DATA FOR THIS TASK:

◇ ◇ ◇ ◇

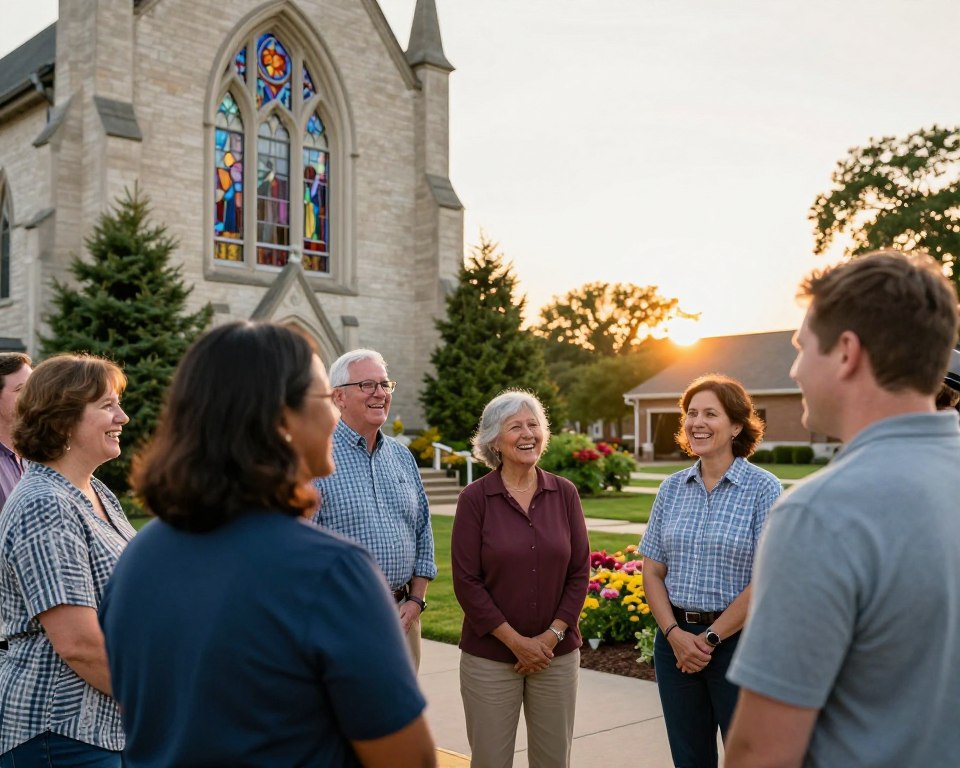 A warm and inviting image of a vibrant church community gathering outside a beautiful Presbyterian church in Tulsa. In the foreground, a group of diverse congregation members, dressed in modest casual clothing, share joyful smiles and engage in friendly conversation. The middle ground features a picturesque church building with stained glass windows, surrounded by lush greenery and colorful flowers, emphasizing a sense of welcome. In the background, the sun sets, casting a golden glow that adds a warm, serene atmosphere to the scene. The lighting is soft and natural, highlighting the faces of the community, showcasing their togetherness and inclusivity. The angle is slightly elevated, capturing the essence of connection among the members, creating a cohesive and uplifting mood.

◇ ◇ ◇ ◇

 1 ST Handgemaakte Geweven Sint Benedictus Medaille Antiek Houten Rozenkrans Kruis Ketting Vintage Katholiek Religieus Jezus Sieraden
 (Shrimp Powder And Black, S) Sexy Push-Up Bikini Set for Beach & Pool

◇ ◇ ◇ ◇

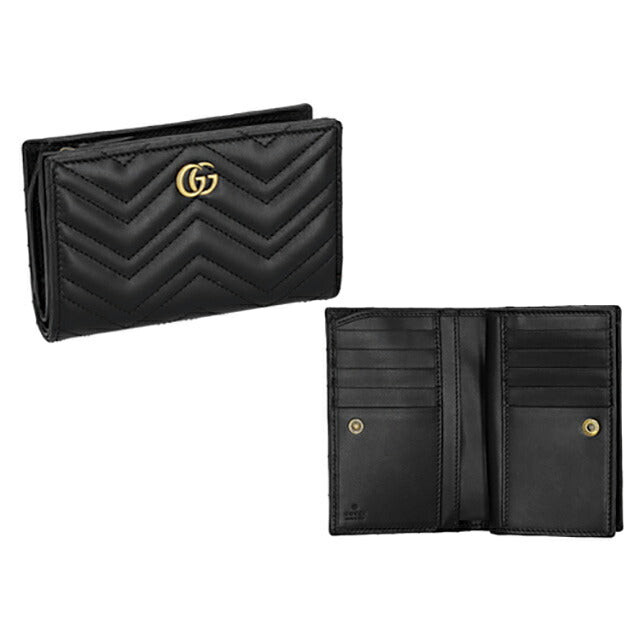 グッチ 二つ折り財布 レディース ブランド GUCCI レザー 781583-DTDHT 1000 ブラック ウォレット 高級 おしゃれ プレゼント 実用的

◇ ◇ ◇ ◇

TASK REQUIREMENTS: Please give back, exactly as it stands above, the stretch from the line with "1 ST Handgemaakte" through the line with "(Shrimp Powder And", and no line outside it.

OUTPUT OF THE EXERCISE:
 1 ST Handgemaakte Geweven Sint Benedictus Medaille Antiek Houten Rozenkrans Kruis Ketting Vintage Katholiek Religieus Jezus Sieraden
 (Shrimp Powder And Black, S) Sexy Push-Up Bikini Set for Beach & Pool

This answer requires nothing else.